Task objective:
Produce an exact transcription of the listing below, omitting the pictures.

Dataset content:

※

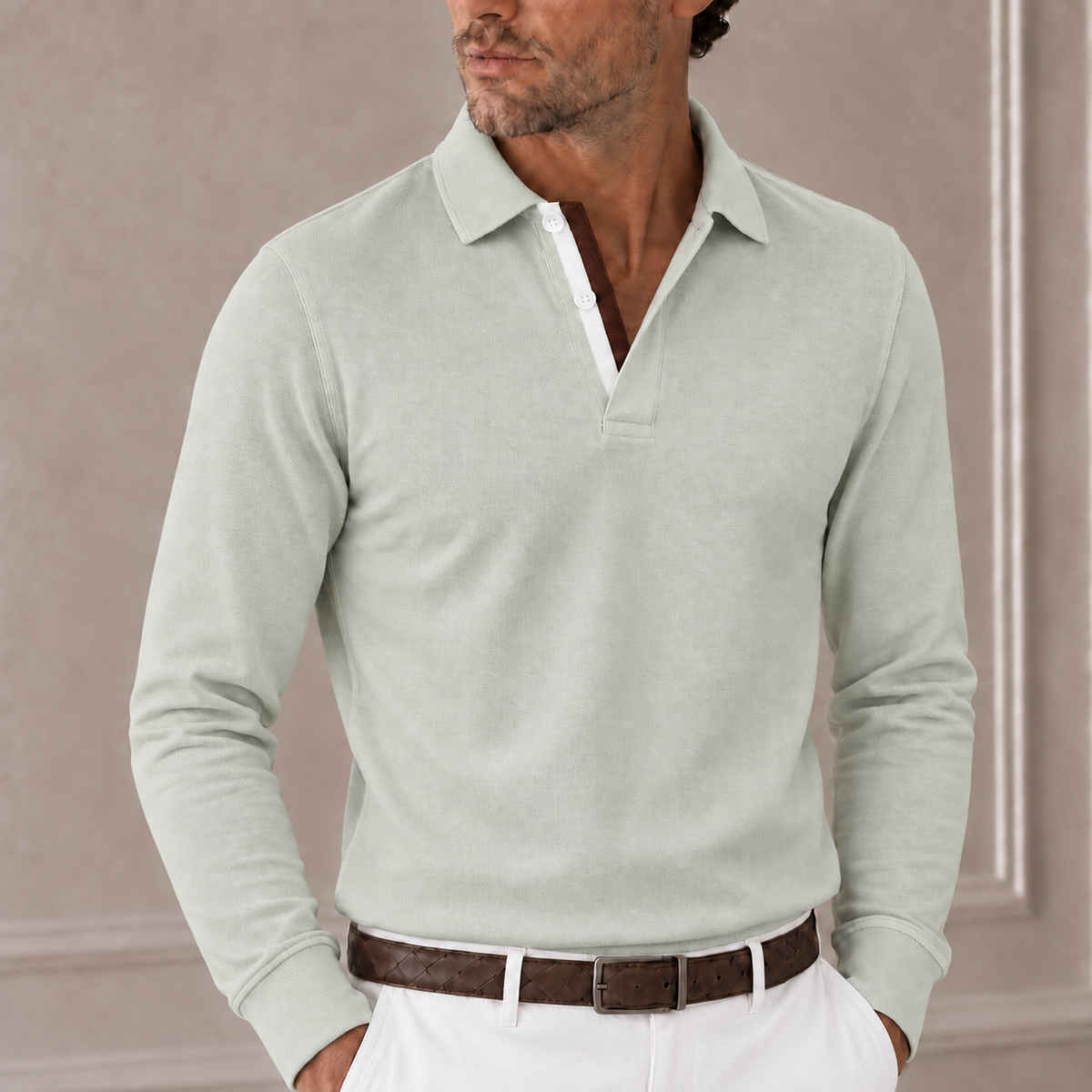 Sage Piqué Polo - Long Sleeve - Regular Fit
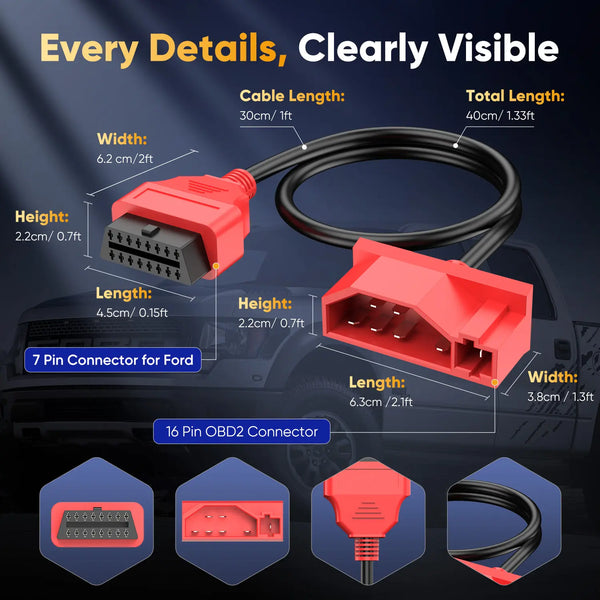 Autel For Ford 7 Pin OBD1 to OBD2 Adapter Cable | 7Pin OBD1 to 16 Pin OBD2 Diagnostic Cable | Fit for Ford Vehicles with 7Pin Port | Work with Scan Tool and Code Reader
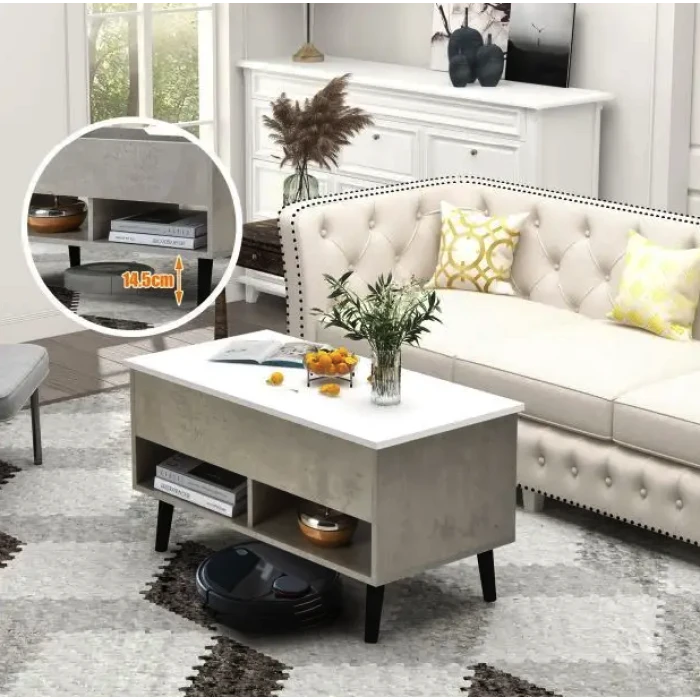 Стіл трансформер Costway Lagom в стилі Loft сірий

※

Exercise solution:
 Sage Piqué Polo - Long Sleeve - Regular Fit
 Autel For Ford 7 Pin OBD1 to OBD2 Adapter Cable | 7Pin OBD1 to 16 Pin OBD2 Diagnostic Cable | Fit for Ford Vehicles with 7Pin Port | Work with Scan Tool and Code Reader
 Стіл трансформер Costway Lagom в стилі Loft сірий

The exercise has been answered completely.